RECOGNIZED — The Jefferson County Chamber of Commerce’s 2019 honorees were, from left, John and Mary Decker of Valley Wine Center, Business of the Year co-honoree; Louis DiGregory of DiGregory’s Greenhouse and Garden Center, Lifetime Achievement Award; Trudy Wilson of the Ohio Valley Health Center, Business of the Year co-honoree; Nicole Adamski of the Inn and Suites at Franciscan Square, Ambassador of the Year; Kate Sedgmer of the United Way of Jefferson County, Young Professional of the Year; and Michael Petrella of Ohio Valley Natural Relief, New or Emerging Business of the Year. -- Linda Harris

WINTERSVILLE — The Jefferson County Chamber of Commerce celebrated the accomplishments of its members at Wednesday’s annual dinner meeting, the group’s 111th.

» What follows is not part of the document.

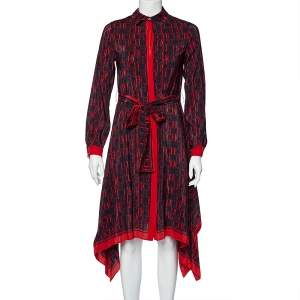 Pre Owned CH Carolina Herrera Navy Blue Logo Print Crepe Belted Dress XS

“It’s the one time we get to give everybody kudos,” Chamber President Tricia Maple said after the event, applauding the diversity of this year’s nominees. “We had more than 300 people attend again.”

The theme of the dinner, held at St. Florian Event Center, was “Anything on Wheels,” a nod to past and present local automotive dealerships as well as wheel-related organizations that have been instrumental in the Jefferson County economy. The keynote speaker was Mark Patton, vice president of Columbus Partnership and co-leader of the Columbus Smart Initiative.

Accepting the 2019 Lifetime Achievement Award was Lou DiGregory of DiGregory’s Greenhouse and Garden Center. DiGregory, who will retire at the end of the year, is in charge of day-to-day operations at the business, which has been in his family for 82 years.

Young Professional of the Year honors went to the United Way’s Kate Sedgmer, while Ohio Valley Natural Relief scored the award for the chamber’s New or Emerging Business of the Year. Nicole Adamski of the Inn and Suites at Franciscan Square was celebrated as the chamber’s Ambassador of the Year.

Ohio Valley Health Center and Valley Wine Center shared Business or Organization of the Year honors, the first tie in the chamber’s history.

Patton told the crowd to brace for sweeping changes that will transform transportation as we know it, pointing out Columbus Smart Initiative won $50 million in grants from the U.S. Department of Transportation and the Paul G. Allen Family Foundation to look at “innovative and safe mobility solutions” that will move the nation away from carbon-based fuels.

He said they initially matched the original $50 million grant, with another $90 million from the private sector. The group now has an “acceleration fund” of upward of $600 million to sustain the initiative.

Patton told chamber members they’re already seeing a shift in transportation trends in Columbus, pointing out there were 667,000 Uber and Lyft rides last year “in a marketplace that had zero just a few years ago.” They’re also logging 9,000 rides a day on scooters in nice weather, while micro-transit buses and bike sharing “are going on all over the place.”

“There’ve been huge changes in how people move around,” he said.

Maple said the chamber, which was founded in 1908, has focused on work force education and training during the past year, “along with making our member benefits better.”

A highlight, she said, was organizing “new, more relevant committees” to carry the chamber’s mission forward in 2020, calling it “a long time in the making.”

Special recognition was given Wednesday to retiring chamber Chair Tony Mougianis of Apollo Professional Cleaning and Restoration, who will serve in an emeritus capacity during the next year, and Ross Gallabrese, executive editor of the Herald-Star and The Weirton Daily Times, who has served as vice chair.

Robert Naylor of Naylor Law Offices, takes over as chairman, with Em-Media’s Jim Emmerling becoming first vice chair.